Work instruction
In the data below, set down exactly the lines from the one containing "thumbnail image 6" up to and including the one containing "Size: 2048x1662 |". Leave the pictures out.

Supplied material
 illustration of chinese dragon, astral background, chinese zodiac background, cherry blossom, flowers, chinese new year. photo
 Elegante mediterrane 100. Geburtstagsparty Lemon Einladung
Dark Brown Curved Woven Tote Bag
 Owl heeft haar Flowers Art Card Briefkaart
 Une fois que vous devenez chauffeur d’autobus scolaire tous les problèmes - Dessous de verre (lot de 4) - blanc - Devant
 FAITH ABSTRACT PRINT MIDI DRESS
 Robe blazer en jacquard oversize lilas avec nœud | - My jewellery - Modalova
...
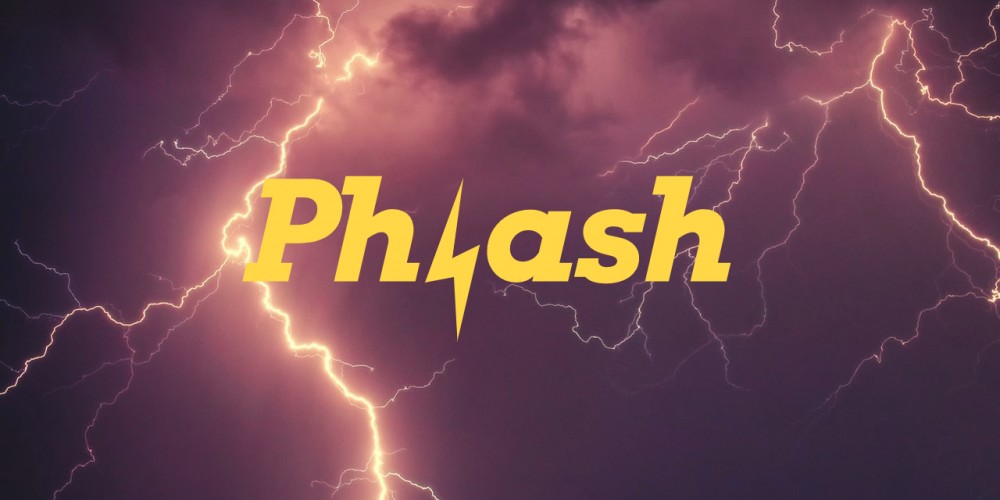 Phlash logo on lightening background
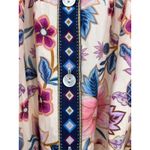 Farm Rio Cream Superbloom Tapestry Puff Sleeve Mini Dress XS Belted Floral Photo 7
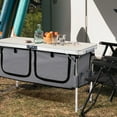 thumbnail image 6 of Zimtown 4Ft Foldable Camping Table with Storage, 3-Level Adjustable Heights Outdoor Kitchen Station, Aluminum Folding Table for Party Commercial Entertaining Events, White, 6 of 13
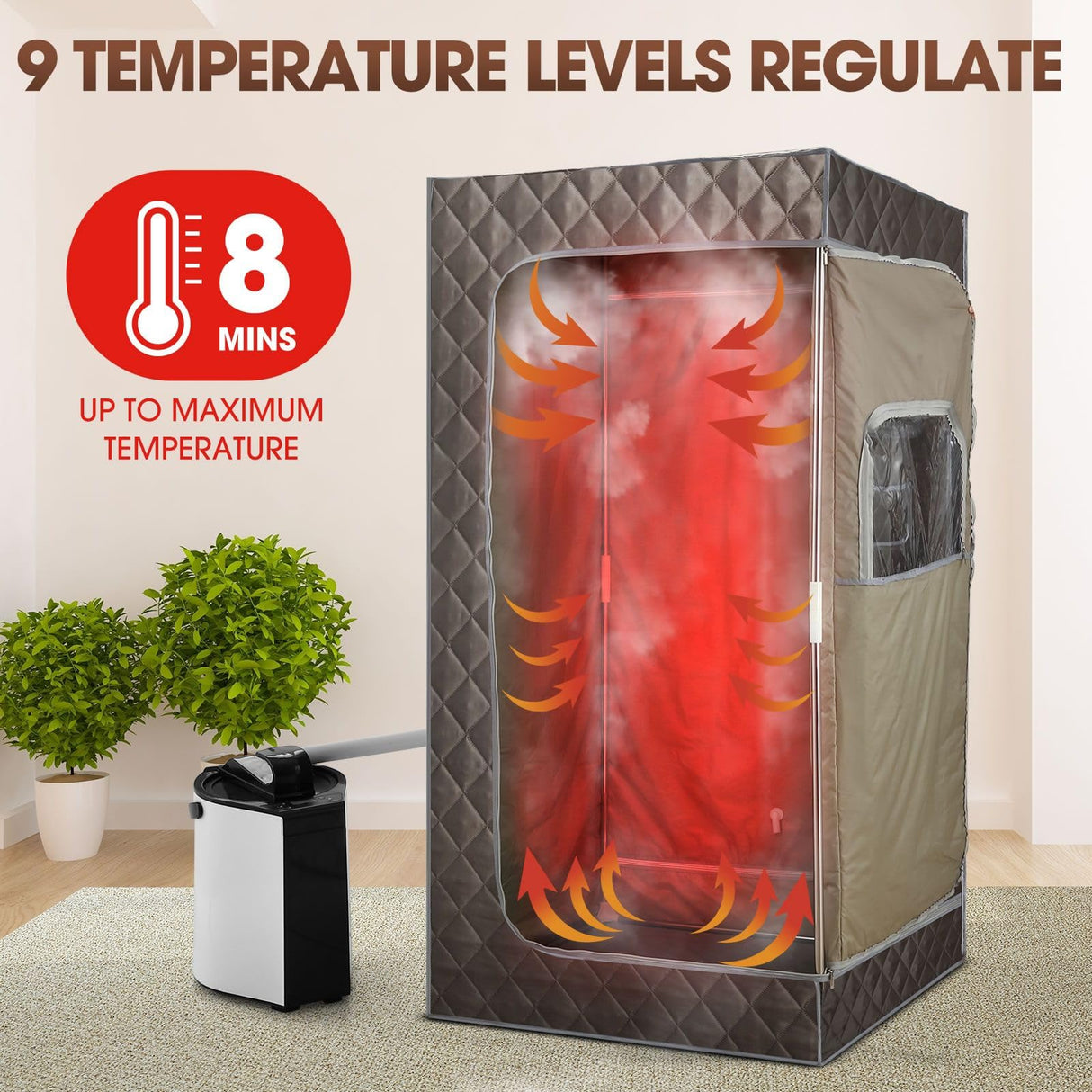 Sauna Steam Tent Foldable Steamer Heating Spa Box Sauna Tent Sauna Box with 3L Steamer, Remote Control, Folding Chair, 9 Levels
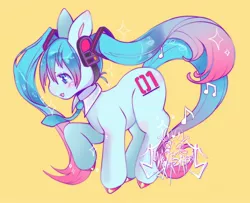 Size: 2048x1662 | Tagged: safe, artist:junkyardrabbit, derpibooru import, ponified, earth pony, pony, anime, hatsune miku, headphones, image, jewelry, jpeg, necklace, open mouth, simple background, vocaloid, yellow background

Result of the task
 thumbnail image 6 of Zimtown 4Ft Foldable Camping Table with Storage, 3-Level Adjustable Heights Outdoor Kitchen Station, Aluminum Folding Table for Party Commercial Entertaining Events, White, 6 of 13
 Sauna Steam Tent Foldable Steamer Heating Spa Box Sauna Tent Sauna Box with 3L Steamer, Remote Control, Folding Chair, 9 Levels
 Size: 2048x1662 | Tagged: safe, artist:junkyardrabbit, derpibooru import, ponified, earth pony, pony, anime, hatsune miku, headphones, image, jewelry, jpeg, necklace, open mouth, simple background, vocaloid, yellow background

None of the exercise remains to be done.